» ABOUT THIS EXERCISE:
Your answer should repeat every line of the records below in which the word "Stock" appears.

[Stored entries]
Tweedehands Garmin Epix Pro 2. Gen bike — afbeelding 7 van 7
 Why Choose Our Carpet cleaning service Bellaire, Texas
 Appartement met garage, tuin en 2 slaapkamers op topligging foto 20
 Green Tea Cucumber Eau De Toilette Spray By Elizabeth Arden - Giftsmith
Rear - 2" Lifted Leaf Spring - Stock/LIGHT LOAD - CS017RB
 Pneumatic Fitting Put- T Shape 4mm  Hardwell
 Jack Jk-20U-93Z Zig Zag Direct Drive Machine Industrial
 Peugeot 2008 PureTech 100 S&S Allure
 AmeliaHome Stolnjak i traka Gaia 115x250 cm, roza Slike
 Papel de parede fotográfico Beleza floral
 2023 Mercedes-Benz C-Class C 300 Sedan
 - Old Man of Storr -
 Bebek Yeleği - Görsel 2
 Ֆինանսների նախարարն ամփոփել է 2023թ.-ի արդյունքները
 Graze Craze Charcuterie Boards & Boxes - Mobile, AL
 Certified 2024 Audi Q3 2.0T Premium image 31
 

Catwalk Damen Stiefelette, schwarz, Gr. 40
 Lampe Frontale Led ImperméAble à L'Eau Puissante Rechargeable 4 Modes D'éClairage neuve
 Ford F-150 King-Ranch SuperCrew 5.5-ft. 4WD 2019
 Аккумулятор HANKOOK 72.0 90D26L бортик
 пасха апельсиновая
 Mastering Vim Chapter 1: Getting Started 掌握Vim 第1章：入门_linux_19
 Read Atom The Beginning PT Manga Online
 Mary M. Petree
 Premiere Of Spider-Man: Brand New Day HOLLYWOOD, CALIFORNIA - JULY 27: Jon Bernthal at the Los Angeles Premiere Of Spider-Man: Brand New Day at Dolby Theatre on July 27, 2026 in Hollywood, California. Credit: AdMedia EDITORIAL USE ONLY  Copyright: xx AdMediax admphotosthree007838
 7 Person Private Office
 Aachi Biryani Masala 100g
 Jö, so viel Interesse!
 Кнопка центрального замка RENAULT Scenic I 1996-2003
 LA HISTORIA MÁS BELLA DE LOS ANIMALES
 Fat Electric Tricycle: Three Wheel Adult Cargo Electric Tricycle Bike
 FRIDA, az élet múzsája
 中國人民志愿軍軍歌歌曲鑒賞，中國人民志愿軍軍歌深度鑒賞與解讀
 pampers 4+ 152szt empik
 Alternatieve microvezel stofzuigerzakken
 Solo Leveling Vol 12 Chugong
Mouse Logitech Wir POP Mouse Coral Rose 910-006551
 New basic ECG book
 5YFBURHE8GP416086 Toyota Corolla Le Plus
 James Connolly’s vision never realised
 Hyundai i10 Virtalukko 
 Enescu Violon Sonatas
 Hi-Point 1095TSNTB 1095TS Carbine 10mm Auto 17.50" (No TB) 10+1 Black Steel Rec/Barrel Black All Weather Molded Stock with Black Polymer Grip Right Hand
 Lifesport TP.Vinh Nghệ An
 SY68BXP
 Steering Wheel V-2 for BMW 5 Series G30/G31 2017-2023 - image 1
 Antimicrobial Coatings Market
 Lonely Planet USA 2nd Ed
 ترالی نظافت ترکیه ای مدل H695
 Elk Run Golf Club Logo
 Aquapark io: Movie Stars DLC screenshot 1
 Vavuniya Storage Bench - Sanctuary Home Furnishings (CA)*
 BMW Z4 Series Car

» YOUR RESPONSE:
Rear - 2" Lifted Leaf Spring - Stock/LIGHT LOAD - CS017RB
 Hi-Point 1095TSNTB 1095TS Carbine 10mm Auto 17.50" (No TB) 10+1 Black Steel Rec/Barrel Black All Weather Molded Stock with Black Polymer Grip Right Hand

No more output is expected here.